The concept of exergy, derived from the second law of thermodynamics, becomes a valuable source tool in analyzing thermal systems’ performance. Several terms encountered in the literature are synonymous or closely related to exergy, which are available energy, essergy, utilizable energy, and availability. The thermal efficiency of the power plants can be increased by adopting supercritical and ultra-supercritical conditions. Pressures exceeding 221.2 bar and steam temperatures exceeding 374.5°C are being used for supercritical thermal power plants, whereas the corresponding values for ultra-supercritical conditions are greater than or equal to 250 bar and 600°C. So, there is ample scope to enhance the steam conditions and optimize power plant configurations further to improve the plant efficiency. The power plant cycle is simulated by using Cycle Tempo version 5.0 software. It is used for advanced thermal energy system optimization. In the present work, for the thermodynamic analysis of supercritical—660 MW, and ultra-supercritical—800 MW power plant, cycle capacities are carried out and compared with subcritical power plant capacity of 500 MW. The important conclusions drawn from the current research work are the improvement in feed water temperature, optimum steam extraction pressures, and comparison of exergy efficiency of various thermal systems.

Keywords

  • exergy
  • subcritical (sub)
  • supercritical (SupC)
  • ultra supercritical (USc)
  • exergy loss and exergy efficiency

1. Introduction

Exergy was introduced by Z. Rant in 1956 [1]. It is preferred over energy analysis, because it cannot detect most thermodynamic imperfections, mainly irreversible heat transfer in system components.

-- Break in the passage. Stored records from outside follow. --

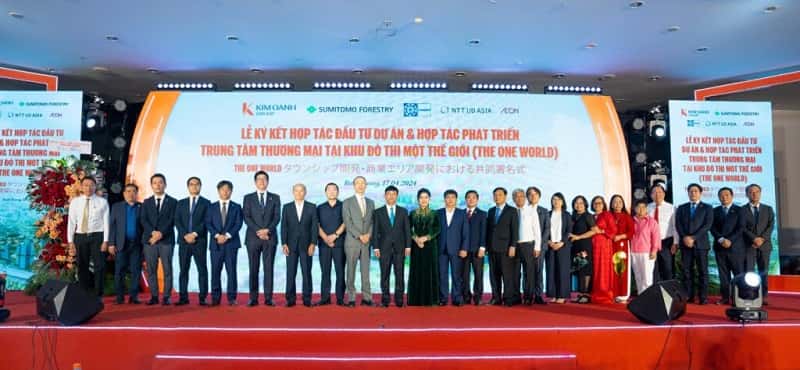 Dai dien kim oanh group chup anh cung doi tac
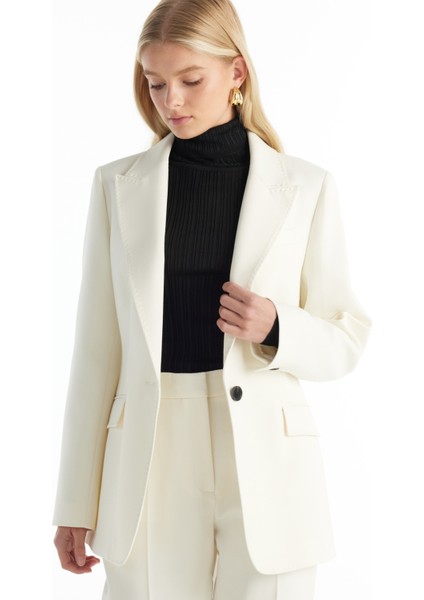 Tailored Fit Kırık Beyaz Kadın Ceket TBWRJC1016 fırsatları
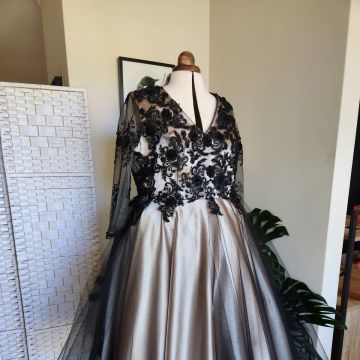 The Crafty Seamstress - Karratha - Clases de artes téxtiles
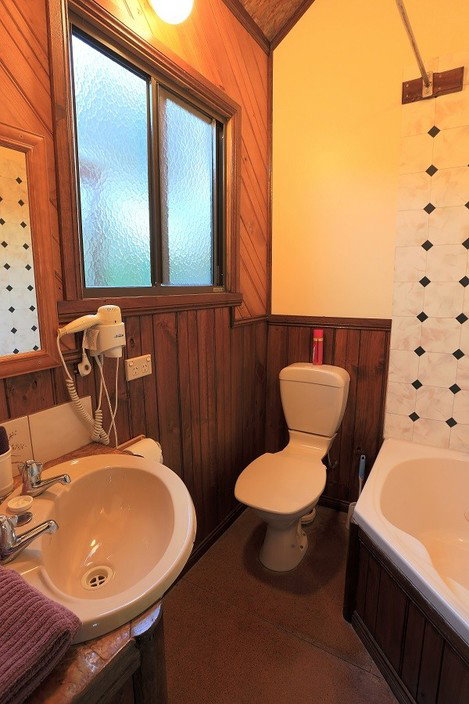 Stanley Lakeside Spa Cabins - Accommodation Adelaide 3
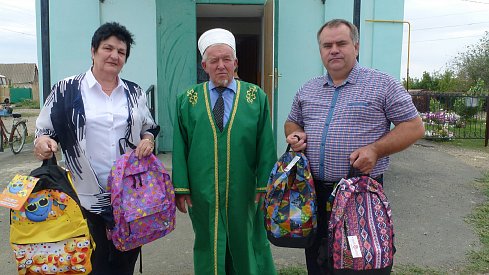 Укрепляются национальные традиции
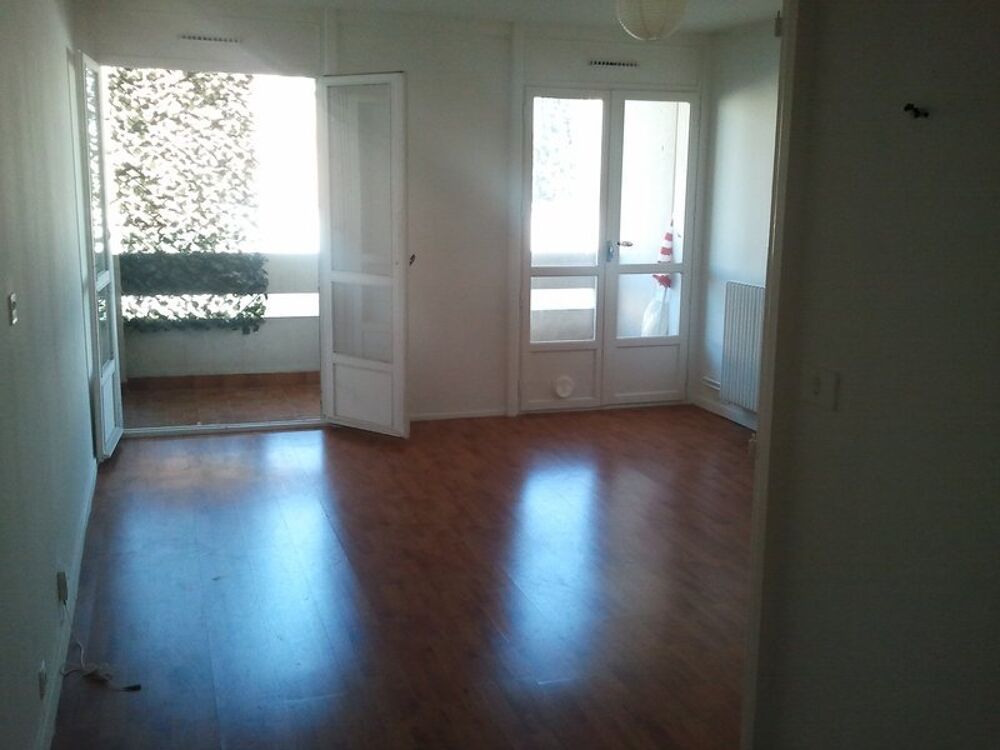 location Appartement - 3 pièce(s) - 61 m² Marseille 8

Exergy offers engineers a refined perspective on energy utilization. In the grand tapestry of engineering principles, the concept of exergy is grounded in understanding that not all energy is created equal [2]. Energy can exist in various forms—thermal, mechanical, chemical—but exergy takes a discerning approach, focusing on the energy that possesses the potential to perform work [3, 4].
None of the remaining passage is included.